By Chen Limin in Hangzhou | China Daily | Updated: 2012-10-18 08:04

 

Alibaba rekindles cut-price war

A Tmall.com advertisement in a subway station in Beijing. The company, a unit of Alibaba Group, will stage a promotion in which 10,000 online vendors from three of the group's online shopping arms will sell products at half-price on Nov 11. Da Wei / for China Daily

E-commerce firm woos new online shoppers with large promotion

For Chinese online shoppers, this year has been marked by eye-catching promotions from e-commerce players.

One more, which may be the biggest of its kind, is set to come next month from Alibaba Group, the biggest e-commerce company in China.

The company will stage a promotion in which 10,000 online vendors from three of the group's online shopping arms will sell products at half-price on Nov 11. The promotion is targeting non-online shoppers, hoping to persuade them to move from shopping carts to computers.

"The significance of the event doesn't lie in regular online shoppers, but people who never try online shopping," said Wang Yulei, vice-president of the marketing department of the shopping website Tmall.com.

It will be the fourth time that Alibaba Group has held the Nov 11 promotion.

About 194 million people had made an online purchase by the end of last year in China, out of a total of 513 million Internet users, according to the China Internet Network Information Center.

Online shoppers spent 782.6 billion yuan ($125.1 billion) last year, representing 4.32 percent of total retail sales in the country, up from 1.16 percent in 2008.

As online shopping takes off, e-commerce players have staged promotions, or sometimes price wars, to lure users, hoping to gain the upper hand in a cut-throat battle.

From April to June, almost all of the top 10 e-commerce players offered large discounts and rebates to users. In August, Beijing Jingdong Century Trading Co, also known as Jingdong Mall, triggered a price war targeting home appliances.

But online shoppers later accused the company of trying to lure more customers, rather than giving discounts.

Wang of Tmall.com said online vendors cheating consumers by claiming to offer low prices at the coming event will be punished.

Last year, transactions worth 3.36 billion yuan ($533 million) were made on Tmall.com (then called Taobao Mall).

In comparison, Hong Kong registered HK$31.2 billion ($4 billion) in retail sales in September 2011, according to official figures.

Wang said the sales volumes on Tmall.com in the coming promotion will "surely be bigger than last year's". The vendor, which sold goods worth 40 million yuan, the highest figure among all vendors, at last year event, expected to see transactions of 100 million yuan this year, Wang said.

Some analysts warned during previous price wars that frequent promotions may overstretch consumers' buying capacity. But Lu Bowang, president of China IntelliConsulting Corp, a market research company, said of the coming event: "A price war targeting home appliances may overstretch consumers' capacity because they don't buy goods of this kind frequently, but products like clothes, electronics and the like will be just fine."

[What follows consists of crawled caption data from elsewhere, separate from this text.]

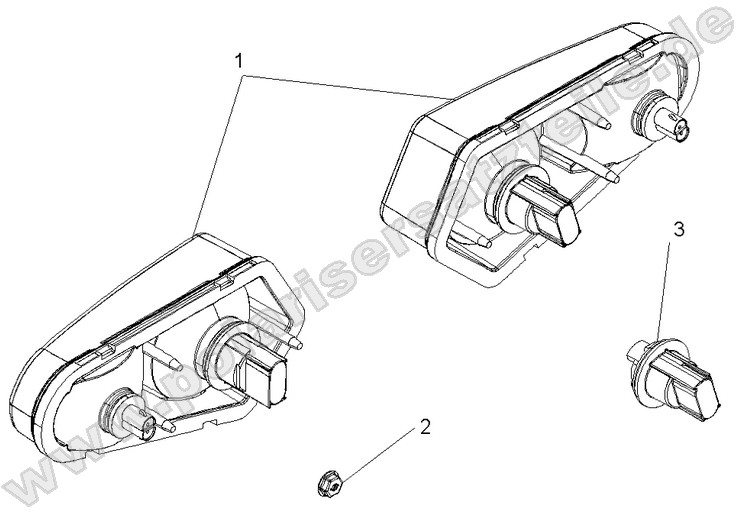 ELECTRICAL, TAILLAMPS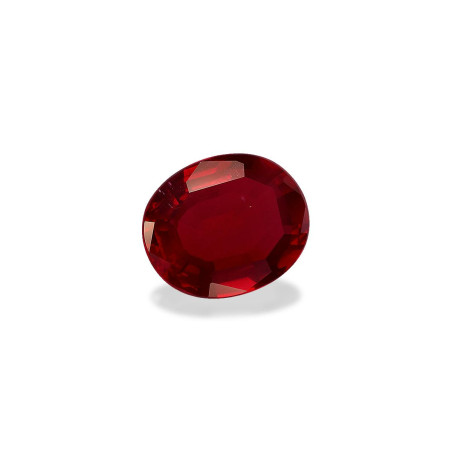 CUSHION-cut Mozambique Ruby Red 3.00 carats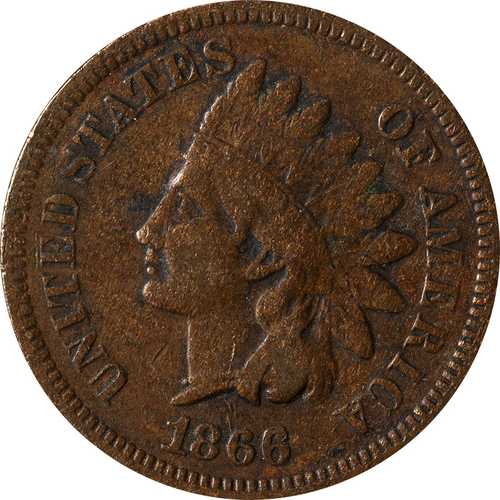 1866年インディアンセント　エグゼクティブコインカンパニーのお買い得品｜世界の紙幣・金・銀・銅 ラフテル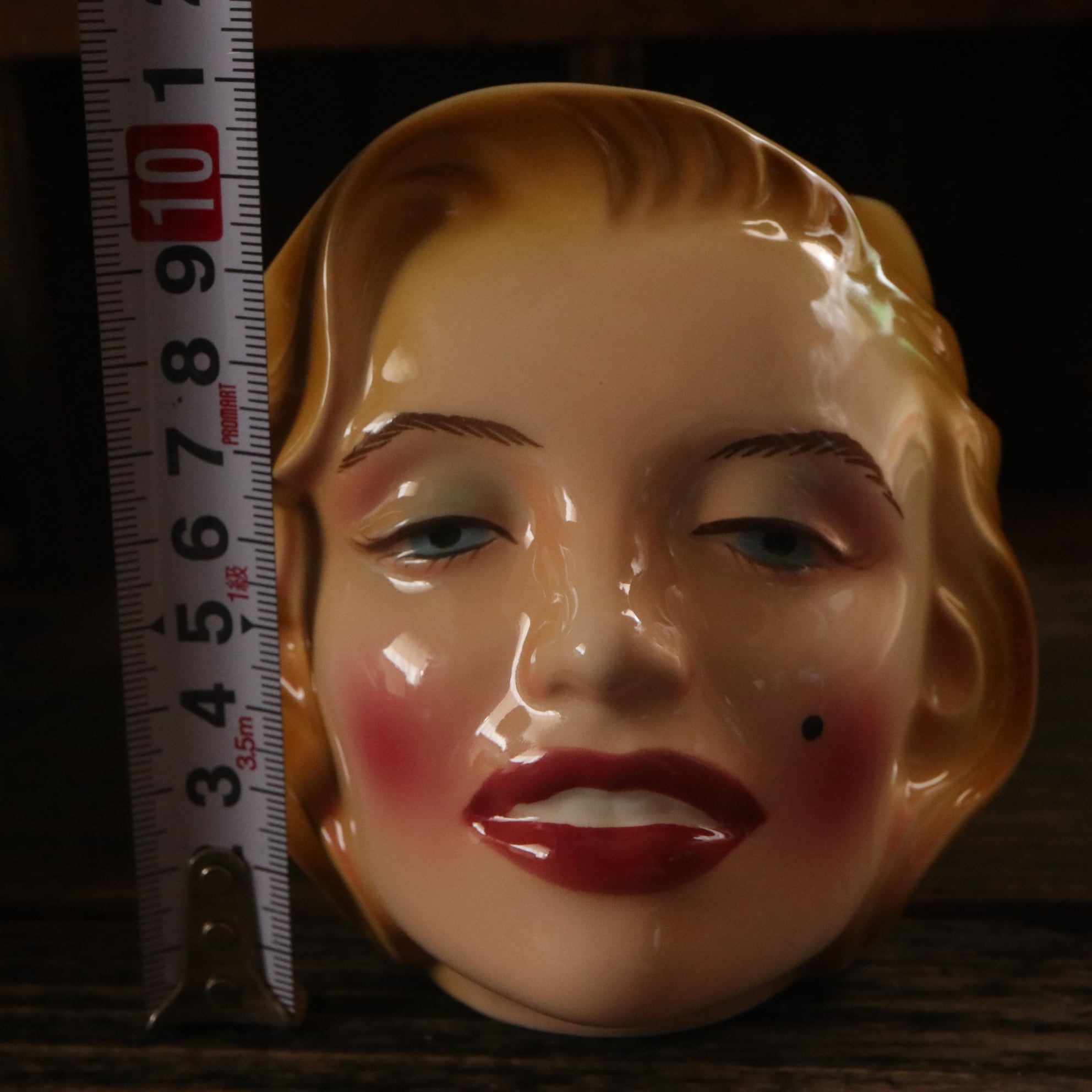 専用です！　マリリンモンロー　陶器　ヴィンテージ　傷、汚れ有り！ 専用です！ マリリンモンロー 陶器 ヴィンテージ 傷、汚れ有り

Jingdong Mall and Tencent Holdings Ltd, China's biggest Internet company by sales, both started promotions this month. Jingdong will continue to offer them next month and promotions of this kind have largely boosted its sales, it said in an e-mail.

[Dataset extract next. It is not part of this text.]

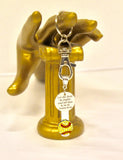 Softball Bible Verse Keychain, Psalms 29 12 Bible Verse Gift, Softball Mom Gift, Gift For Her, Softball Player Gift, Wife Jewelry Gift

China's online retail market registered total sales of 278.8 billion yuan in the second quarter, an increase of 45 percent year-on-year, according to domestic research company Analysys International.

Taobao.com and Tmall.com, both owned by Alibaba Group, jointly had 76 percent of the market. Jingdong Mall ranked second with sales of 15 billion yuan, taking up 5.5 percent of the market. Tencent ranked third with 4.5 percent.

China is expected to overtake the United States to become the largest online shopping market next year, Li Jinqi, head of the department of electronic commerce and information at the Ministry of Commerce, said earlier.